Both the schools of thought have their place in deciding the actual role of government in such crisis. In fact, it is necessary for the government to act in a mix of both these schools, as it has historically been seen that when one of these systems overwhelms the other, it has been disastrous for the economy in question. The government has to look out for the market because it needs the returns for its own functioning and existence. Federal structures rely on businesses for employment, investment, production, and revenues. For the market to provide these reliably, it needs the government to provide a regulatory and business environment conducive for the same.

The appropriate action of a government in a crisis would be to maintain an open economy to boost demand, and reform the financial systems. This would allow the economy to emerge with a lower sustaining capability for public spending, while raising fiscal deficits and public debt. Though the period following this would not be marked by high rates of growth, but by reforming existing programs, it would be possible to reduce spend. The government should also reduce taxes to increase public spending and investment, even if it results in a deficit. By engaging in deficit spending during the times of an economic crisis, funds can be made available to financial institutions, thereby increasing lending and the aggregate demand.

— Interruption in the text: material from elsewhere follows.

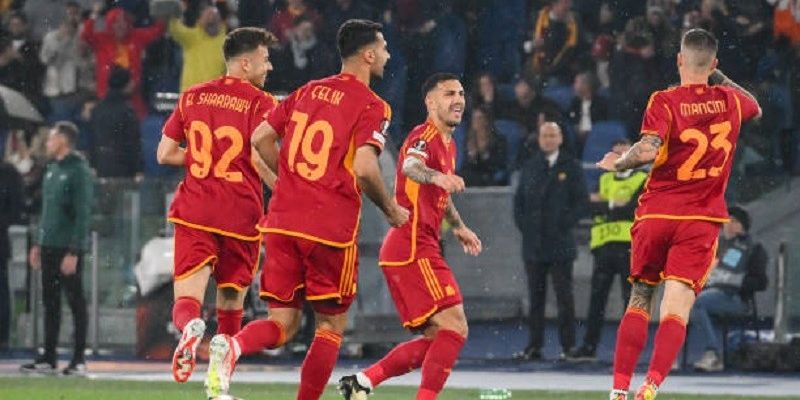 Đội bóng áo bã trầu có nhiều đối thủ truyền kiếp tại Serie A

However, this is where the government also needs to confirm to some standards of the free-market system. For the above deficit to be effective, the increased spending should be of benefit to counter the crisis. Internally, the government needs to analyze its expenses and remove inefficient and wasteful ones. The spending that is carried out should be focused on increasing employment and production, rather than just consumption. 

This is an ideal method of operation by governments in times of economic crisis. However, we see such situations persist mainly because most governments do not operate ideally in such scenarios.